Docs
Best Practice
Best practice with the JASMIN Cloud
The STFC Cloud documentation has information about good practice for using the cloud .
Security
We expect Tenants to abide by the terms and conditions set out by JASMIN , STFC Cloud , and UKRI . This includes abiding by STFC Cloud’s and UKRI’s patching policy.
Patching Policy
VM life cycle
We expect tenants to regularly refresh their infrastructure by creating machines with new images and re-installing all required software. The suggested timeframe for this is every 6 months (or more frequently). This allows for better security of machines and means that machines are more stable (machines experience more issues as they get older). We also expect tenants to easily be able to reinstall their services in the event we cannot recover machines (though we will reasonably try if machines are refreshed regularly). In other words, we expect tenants to treat their machines as “cattle” rather than “pets”. Infrastructure-as-Code techniques and technologies can be employed by the tenant to make redeployment as easy and painless as possible.
Infrastructure-as-Code
We strongly encourage tenants to deploy applications and configure their machines in a reproducible way to mitigate against VM or hypervisor issues, as well as regularly phasing out old machines and replacing them with new images. One way of doing this is using Infrastructure-as-Code techniques, including:
- using Ansible to create and run provisioning scripts to easily re-provision a new machines when required;
- Terraform/OpenTofu to create machines and other infrastructure by making calls to the Openstack API in an easily repeatable way;
- Kubernetes which provides a platform which containers can be deployed on and managed using Kubernetes deployments and Helm;
- and ClusterAPI which provides declarative APIs and tooling to simplify provisioning, upgrading, and operating multiple Kubernetes clusters (from an existing cluster).

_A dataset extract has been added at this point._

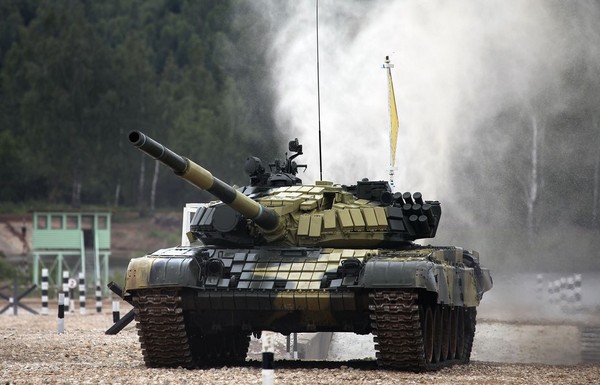 День танкиста в 2016 году в России и на Украине — поздравления в стихах и прозе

Also note that these methods would allow easier deployment to commercial cloud if required.
Ansible
Ansible has probably the easiest learning curve and is most useful for the vast majority of JASMIN Cloud tenants. It allows you to define steps for the install of one, or many, services using YAML to describe what the services should look like and what steps are taken to install them, with any changes which are required to the machine. It does this using readily available (and very well documented) building blocks. Once the Ansible playbook is written the first time, when a machine needs to be replaced, it is simply a matter of running the playbook pointing at the new machine.
See STFC Cloud’s page on Ansible, and the Ansible documentation (particularly Getting Started ) for more information.
Terraform/OpenTofu
Terraform, and its open source fork OpenTofu, provide a way of declaring what infrastructure should look like using the building blocks provided for the specific cloud. It then creates or changes the existing infrastructure using the least changes possible so that what is deployed matches what has been defined. This is a powerful tool for automation and reproducibility which can also invoke Ansible playbooks to install software and services onto the infrastructure after it has been created. The combination of Terraform and Ansible would provide the most resilience in case of machine loss because of the low effort reinstalling those machines - Terraform/OpenTofu would just need to be run again to recreate the infrastructure and services, rather than an admin having to manually create machines and install what is required (which often takes a large amount of time!).
Note that some machine changes would cause Terraform/OpenTofu to replace machines and in this instance anything installed or saved on the root disk would be lost.
See STFC Cloud’s page on Terraform, and the Terraform Openstack Provider documentation , as well as the OpenTofu equivalent .
Using Azmiuth’s platforms may mean that users never need to consider Terraform/OpenTofu.
Kubernetes
Kubernetes, while having a reasonably high learning curve, presents a great opportunity for tenants to deploy robust and easily updatable and re-deployable services. In CEDA we use a Kubernetes cluster to deploy most of our user facing services. It allows us to more frequently update and patch applications and services, with minimal downtime and a robust deployment.
Azimuth provides an easily deployable Kubernetes cluster as part of its platform offerings, giving users the lowest barrier to entry possible by providing a cluster with as many widely useful services already installed.
Creating Kubernetes clusters outside of the Azimuth platforms is possible using multiple methods, but is not advised because of the major advantages which the Azimuth Kubernetes Platform gives.
See the Kubernetes documentation for details on how to use Kubernetes. The official tutorials are particularly good.
Cluster API
Cluster API is probably the least relevant technology for most tenants of the JASMIN Cloud, because Azimuth provides a much easier way to provision and manage Kubernetes clusters. Azimuth uses Cluster API under the hood to create its Kubernetes clusters.